CPT Q020 – How could the plates have accelerated to CPT velocities without ripping apart?

20. Question: How could the plates have accelerated to CPT velocities without ripping apart and without being impeded by drag from the underlying asthenosphere?

Response: As I have mentioned previously in answers to earlier questions, the fact that mantle rock weakens so dramatically with increasing temperature means that the hot asthenosphere is a thousand times, or more, weaker than most lithosphere. The presence of water at levels of 100 ppm or so within the lattices of asthenospheric minerals is likely a cause for even greater asthenospheric weakness. This is true for the earth today—even without the runaway stress weakening that kicked in to allow CPT to take place during the Flood. Here I am using weakness synonymously with low viscosity. This huge contrast in strength between lithosphere and asthenosphere means that drag forces on the base of the lithosphere tend to be negligible compared to plate strength. This contrast tends to persist as runaway rapidly reduces rock strength everywhere throughout the mantle. This contrast allows in today’s earth, for example, for the Pacific Plate to move in a highly coherent plate-like fashion—that is, with essentially no deformation internal to the plate—over a distance of more than 10,000 km (6000 mi). This represents the distance from where the Pacific Plate is forming via seafloor spreading at the East Pacific Rise—not that far west of the South American coast—to where it plunges into the Kurile-Japan-Izu-Bonin-Marianas trench in the western Pacific—roughly a quarter the distance around the earth. There is no indication of any failure in tension with regard to the huge Pacific Plate today as it moves at approximately 8 cm/yr relative to the no-net-rotation reference frame for the earth. Again, such motion is possible only because the asthenosphere is so extremely weak in comparison with the Pacific Plate, which leads to near perfect decoupling of the Pacific Plate with respect to the deep mantle except along its subducting boundary.

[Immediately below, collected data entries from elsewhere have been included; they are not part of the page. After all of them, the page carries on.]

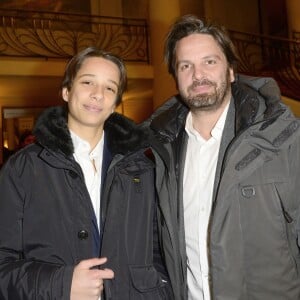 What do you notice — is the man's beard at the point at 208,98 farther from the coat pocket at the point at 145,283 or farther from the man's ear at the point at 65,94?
the coat pocket at the point at 145,283

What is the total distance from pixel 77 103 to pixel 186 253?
799 mm

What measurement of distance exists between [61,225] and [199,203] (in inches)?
23.0

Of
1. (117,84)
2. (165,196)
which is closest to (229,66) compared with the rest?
(117,84)

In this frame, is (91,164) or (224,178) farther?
(91,164)

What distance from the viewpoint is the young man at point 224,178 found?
1.37m

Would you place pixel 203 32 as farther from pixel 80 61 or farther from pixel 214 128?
pixel 80 61

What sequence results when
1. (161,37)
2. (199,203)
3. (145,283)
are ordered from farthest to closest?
(161,37)
(199,203)
(145,283)

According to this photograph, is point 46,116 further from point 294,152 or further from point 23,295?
point 294,152

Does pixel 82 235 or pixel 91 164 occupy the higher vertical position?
pixel 91 164

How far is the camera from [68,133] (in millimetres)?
1503

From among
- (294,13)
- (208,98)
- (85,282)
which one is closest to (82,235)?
(85,282)

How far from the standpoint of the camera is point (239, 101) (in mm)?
1631

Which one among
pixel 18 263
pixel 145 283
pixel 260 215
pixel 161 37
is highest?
pixel 161 37

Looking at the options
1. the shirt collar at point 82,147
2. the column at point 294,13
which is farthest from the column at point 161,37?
the shirt collar at point 82,147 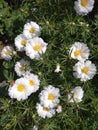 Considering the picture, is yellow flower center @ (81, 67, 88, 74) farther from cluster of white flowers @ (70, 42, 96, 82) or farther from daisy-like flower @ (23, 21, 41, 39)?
daisy-like flower @ (23, 21, 41, 39)

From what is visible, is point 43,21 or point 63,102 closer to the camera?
point 63,102

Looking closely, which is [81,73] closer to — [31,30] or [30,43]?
[30,43]

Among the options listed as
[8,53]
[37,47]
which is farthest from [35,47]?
[8,53]

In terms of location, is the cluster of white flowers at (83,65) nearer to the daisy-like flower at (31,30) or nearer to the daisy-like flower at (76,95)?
the daisy-like flower at (76,95)

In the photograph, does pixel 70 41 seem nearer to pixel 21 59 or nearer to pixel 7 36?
pixel 21 59

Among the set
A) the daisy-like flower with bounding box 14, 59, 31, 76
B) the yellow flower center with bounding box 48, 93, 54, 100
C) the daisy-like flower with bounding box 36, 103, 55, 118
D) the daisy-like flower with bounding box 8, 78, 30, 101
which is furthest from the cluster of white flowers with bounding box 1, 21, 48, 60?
the daisy-like flower with bounding box 36, 103, 55, 118

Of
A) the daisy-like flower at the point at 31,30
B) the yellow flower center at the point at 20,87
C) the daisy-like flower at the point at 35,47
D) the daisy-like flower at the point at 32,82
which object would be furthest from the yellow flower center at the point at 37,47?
the yellow flower center at the point at 20,87

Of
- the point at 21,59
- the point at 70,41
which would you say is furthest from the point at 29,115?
the point at 70,41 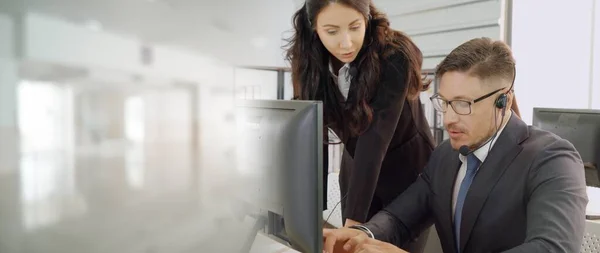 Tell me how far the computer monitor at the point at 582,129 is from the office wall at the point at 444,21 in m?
1.26

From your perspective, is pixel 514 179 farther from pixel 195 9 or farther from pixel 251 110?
pixel 195 9

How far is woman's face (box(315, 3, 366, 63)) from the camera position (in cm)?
123

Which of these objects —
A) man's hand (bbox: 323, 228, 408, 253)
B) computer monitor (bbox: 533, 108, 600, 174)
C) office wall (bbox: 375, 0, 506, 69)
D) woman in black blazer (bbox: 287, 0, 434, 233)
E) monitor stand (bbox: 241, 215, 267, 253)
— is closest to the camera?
monitor stand (bbox: 241, 215, 267, 253)

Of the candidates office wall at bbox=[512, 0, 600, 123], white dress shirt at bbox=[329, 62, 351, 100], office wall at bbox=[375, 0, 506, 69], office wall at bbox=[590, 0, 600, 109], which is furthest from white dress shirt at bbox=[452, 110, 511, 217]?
office wall at bbox=[590, 0, 600, 109]

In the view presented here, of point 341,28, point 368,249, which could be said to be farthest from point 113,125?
point 341,28

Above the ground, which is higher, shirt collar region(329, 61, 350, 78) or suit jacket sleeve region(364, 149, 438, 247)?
shirt collar region(329, 61, 350, 78)

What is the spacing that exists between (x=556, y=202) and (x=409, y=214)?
1.31 ft

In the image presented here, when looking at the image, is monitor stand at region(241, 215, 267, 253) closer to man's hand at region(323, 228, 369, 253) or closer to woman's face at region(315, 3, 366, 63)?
man's hand at region(323, 228, 369, 253)

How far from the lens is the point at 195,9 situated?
0.58 metres

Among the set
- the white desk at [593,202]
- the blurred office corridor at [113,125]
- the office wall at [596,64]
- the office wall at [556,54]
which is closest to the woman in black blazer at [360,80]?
the blurred office corridor at [113,125]

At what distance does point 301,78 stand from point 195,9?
775mm

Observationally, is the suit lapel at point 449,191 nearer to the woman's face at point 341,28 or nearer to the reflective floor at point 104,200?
the woman's face at point 341,28

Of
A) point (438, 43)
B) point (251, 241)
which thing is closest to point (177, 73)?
point (251, 241)

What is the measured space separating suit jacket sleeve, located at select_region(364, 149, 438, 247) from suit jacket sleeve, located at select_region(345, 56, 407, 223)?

What about plate failure because of sudden acceleration? Even for the sorts of peak plates speeds implied by the CPT framework, which are on the order of a few meters per second, if these are realized in as little time as an hour, the acceleration implied is only a tiny fraction of one g. For example, a change in speed of 3.6 m/s spread over an hour (3600 seconds) is only 0.001 m/s2, or 0.0001 g. The level of stress associated with such small acceleration is negligible compared with the strength of a lithospheric plate.